Book Log #11 – The Toll (Book 3 of Arc of Scythe Series)

The Toll (Arc of a Scythe) by Neal Shusterman

This is one of the the few series that both my son and I have read. Shockingly, to me, we don’t have much in common in specific books. Though, on the face, we should.

Neither of my kids read as much as I envisioned when they were little, as I read to them every night, for probably a decade. They both have a love of story, there is no doubt. But picking up a book is rarer than I’d like.

Their counter-argument is that they read *all the time*, by which they mean social media. And they’re not… wrong. And maybe my way of thinking is old-fashioned. Of course, I know there was disappointment in some quarters when I didn’t immediately dive into a Christmas-gifted edition of Tom Sawyer when I was 9 or 10. So perhaps we all fail to live up to elder expectations.

But it makes having a series in common all the more rewarding when it happens.

The Arc of Scythe series is good, though it requires me to do quite a bit if disbelief suspending in its very premise.
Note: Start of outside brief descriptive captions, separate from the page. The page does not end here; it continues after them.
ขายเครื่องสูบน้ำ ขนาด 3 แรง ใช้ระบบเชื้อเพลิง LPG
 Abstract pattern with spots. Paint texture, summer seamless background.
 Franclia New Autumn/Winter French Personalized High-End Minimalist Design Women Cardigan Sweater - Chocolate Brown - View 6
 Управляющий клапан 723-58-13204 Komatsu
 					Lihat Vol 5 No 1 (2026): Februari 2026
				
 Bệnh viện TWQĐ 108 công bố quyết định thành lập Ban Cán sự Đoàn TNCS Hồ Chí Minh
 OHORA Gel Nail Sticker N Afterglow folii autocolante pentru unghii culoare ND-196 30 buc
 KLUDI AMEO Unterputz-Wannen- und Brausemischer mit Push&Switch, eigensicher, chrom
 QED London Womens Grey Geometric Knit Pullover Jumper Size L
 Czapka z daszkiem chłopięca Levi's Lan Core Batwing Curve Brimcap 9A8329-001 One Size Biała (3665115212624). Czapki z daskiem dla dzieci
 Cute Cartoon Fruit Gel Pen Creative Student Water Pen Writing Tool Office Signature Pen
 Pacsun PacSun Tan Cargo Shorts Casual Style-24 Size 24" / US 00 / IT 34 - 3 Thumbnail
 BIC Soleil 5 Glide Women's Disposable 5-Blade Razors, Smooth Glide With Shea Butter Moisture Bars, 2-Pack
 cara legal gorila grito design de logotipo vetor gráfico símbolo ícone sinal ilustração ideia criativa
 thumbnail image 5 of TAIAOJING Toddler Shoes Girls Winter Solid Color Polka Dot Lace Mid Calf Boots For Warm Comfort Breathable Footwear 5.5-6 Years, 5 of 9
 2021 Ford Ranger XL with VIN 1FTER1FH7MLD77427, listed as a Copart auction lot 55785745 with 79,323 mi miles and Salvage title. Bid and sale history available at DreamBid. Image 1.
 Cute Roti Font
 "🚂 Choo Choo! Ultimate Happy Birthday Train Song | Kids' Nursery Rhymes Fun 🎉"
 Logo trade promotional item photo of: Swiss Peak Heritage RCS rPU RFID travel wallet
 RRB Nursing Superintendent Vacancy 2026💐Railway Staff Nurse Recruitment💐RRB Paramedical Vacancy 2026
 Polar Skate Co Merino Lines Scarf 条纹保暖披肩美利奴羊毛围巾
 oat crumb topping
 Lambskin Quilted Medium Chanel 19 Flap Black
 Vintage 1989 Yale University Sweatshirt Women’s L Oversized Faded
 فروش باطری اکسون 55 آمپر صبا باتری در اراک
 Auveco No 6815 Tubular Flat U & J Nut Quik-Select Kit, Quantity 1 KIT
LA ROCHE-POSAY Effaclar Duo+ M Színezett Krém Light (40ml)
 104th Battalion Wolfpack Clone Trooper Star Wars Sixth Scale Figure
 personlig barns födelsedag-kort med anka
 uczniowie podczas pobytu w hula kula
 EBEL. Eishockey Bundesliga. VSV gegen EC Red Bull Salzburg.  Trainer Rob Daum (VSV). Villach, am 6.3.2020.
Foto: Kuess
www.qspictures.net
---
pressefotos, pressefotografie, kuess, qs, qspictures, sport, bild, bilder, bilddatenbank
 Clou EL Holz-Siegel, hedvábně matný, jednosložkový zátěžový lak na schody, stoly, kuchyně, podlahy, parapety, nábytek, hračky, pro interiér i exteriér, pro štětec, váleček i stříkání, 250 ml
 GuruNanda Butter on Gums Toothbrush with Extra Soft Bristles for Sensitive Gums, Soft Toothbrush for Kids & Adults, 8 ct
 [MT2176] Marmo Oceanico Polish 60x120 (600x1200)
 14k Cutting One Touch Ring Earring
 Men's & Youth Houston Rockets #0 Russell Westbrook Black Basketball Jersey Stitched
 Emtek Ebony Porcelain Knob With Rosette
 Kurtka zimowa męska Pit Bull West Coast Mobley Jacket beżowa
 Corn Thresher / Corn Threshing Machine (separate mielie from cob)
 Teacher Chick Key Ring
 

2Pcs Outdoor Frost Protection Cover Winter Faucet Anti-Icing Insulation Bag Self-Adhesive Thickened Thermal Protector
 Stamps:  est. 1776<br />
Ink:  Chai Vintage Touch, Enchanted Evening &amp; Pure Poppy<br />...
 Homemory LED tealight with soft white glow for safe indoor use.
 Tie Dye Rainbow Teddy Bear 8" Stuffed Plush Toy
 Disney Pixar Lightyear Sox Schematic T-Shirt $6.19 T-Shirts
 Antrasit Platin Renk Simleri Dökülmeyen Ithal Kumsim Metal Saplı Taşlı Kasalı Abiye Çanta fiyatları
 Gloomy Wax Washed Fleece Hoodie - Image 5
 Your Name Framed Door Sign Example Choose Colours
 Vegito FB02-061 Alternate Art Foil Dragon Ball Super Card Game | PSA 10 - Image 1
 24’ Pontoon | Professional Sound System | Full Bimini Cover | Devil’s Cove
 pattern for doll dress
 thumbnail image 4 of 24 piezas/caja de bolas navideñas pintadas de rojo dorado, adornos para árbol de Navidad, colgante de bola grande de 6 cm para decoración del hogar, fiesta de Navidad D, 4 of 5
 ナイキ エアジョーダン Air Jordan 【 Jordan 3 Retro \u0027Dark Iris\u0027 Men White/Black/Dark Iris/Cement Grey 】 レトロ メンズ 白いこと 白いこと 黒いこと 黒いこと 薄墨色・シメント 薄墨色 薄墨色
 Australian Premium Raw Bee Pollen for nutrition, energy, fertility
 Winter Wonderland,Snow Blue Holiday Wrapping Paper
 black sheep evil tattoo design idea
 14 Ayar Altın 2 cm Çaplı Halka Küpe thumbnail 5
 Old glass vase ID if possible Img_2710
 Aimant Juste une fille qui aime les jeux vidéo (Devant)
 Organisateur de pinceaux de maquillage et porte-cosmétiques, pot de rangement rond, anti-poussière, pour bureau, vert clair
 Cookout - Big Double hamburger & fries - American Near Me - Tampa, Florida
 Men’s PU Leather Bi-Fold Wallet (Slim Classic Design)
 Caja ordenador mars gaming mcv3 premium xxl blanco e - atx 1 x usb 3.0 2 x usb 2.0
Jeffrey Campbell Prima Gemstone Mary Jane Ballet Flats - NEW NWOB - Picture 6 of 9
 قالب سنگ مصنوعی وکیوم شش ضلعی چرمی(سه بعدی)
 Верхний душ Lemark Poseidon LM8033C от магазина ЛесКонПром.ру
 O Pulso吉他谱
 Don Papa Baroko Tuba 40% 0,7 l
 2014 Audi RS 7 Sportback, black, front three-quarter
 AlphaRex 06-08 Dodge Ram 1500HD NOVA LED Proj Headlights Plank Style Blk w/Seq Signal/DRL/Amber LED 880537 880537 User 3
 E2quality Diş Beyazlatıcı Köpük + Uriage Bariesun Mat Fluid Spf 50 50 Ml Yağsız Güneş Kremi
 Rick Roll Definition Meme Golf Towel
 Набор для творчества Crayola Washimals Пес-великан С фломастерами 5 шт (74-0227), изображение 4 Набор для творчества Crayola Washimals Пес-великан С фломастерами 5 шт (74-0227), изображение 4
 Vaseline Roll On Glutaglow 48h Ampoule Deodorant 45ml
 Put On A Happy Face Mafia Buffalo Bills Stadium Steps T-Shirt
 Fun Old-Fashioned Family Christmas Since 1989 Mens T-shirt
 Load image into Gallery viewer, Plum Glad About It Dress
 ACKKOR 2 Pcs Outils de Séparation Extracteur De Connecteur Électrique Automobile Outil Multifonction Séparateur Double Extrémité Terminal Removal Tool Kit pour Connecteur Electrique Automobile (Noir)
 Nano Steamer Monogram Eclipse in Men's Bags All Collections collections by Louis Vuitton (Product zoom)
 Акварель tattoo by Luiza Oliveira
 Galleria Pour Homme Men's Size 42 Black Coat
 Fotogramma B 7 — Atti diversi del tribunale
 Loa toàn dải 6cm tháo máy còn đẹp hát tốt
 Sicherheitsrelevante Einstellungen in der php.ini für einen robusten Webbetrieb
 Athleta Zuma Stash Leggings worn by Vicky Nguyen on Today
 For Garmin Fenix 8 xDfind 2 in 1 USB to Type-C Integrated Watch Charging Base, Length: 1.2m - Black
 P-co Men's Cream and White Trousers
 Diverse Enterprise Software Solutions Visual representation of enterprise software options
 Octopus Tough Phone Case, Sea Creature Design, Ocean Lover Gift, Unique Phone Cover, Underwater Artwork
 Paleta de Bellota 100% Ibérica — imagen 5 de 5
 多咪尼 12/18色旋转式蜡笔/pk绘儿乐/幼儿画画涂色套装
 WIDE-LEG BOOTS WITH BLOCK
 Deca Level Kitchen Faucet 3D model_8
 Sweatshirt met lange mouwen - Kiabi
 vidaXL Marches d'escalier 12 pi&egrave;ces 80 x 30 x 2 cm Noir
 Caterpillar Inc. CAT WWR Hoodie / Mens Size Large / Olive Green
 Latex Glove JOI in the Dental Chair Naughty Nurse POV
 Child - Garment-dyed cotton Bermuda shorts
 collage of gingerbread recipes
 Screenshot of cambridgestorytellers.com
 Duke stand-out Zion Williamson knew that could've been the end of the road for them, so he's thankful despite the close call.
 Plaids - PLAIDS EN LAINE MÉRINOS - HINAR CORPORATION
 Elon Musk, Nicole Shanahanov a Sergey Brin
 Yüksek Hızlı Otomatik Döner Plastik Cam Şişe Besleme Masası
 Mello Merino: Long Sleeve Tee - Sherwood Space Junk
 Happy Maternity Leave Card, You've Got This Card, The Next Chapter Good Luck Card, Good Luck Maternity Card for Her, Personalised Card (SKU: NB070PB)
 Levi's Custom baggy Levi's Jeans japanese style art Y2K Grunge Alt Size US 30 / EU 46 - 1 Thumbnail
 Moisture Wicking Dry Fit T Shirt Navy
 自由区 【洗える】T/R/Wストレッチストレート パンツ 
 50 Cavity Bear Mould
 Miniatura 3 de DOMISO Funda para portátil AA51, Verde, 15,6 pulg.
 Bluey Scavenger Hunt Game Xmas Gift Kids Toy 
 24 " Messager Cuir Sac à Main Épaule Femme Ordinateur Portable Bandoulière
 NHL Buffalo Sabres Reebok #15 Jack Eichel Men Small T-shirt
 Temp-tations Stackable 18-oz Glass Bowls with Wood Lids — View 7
Society has become “post-mortal” due to nannites in the blood that repair the body, and rejuvination processes that can rebuild a body if the brain has not been destroyed. People are generally “deadish” instead of “dead”. So that’s fine.

There is also an ubercomputer that manages everything for everyone. It has the sum of human knowledge at it’s disposal, and runs simulations on actions and outcomes to determine the best possible path. That’s fine, a common sci-fi trope. It’s a benevolent entity that is firmly grounded in Asimov’s laws-like principles.

But– now we have an overpopulation problem. To solve that overpopulation problem, they decide that some humans will become “Scythes”, an organization outside of the uber-computer’s control that are tasked with killing a certain percentage of the population.

Why not branch out to other planets? Settle the moon or Mars? Well, they tried that, and everyone died in explosions.

Why not keep trying, if the alternative is people getting randomly killed on Earth? I DON’T KNOW.

Well, there’s a bit of a reason, and it relates to the ending of The Good Place. [SPOILERS AHEAD]

It boils down to infinity being just too much. In order to live with purpose, time has to matter. If you have all the time in the world, a lack of motivation settles in and everything goes to crap. If you don’t know how much time you have… well, best get to livin’!

If you accept that premise that death gives life purpose, then this is a pretty satisfying series all around.

Myself, I’d prefer to give infinity a whirl.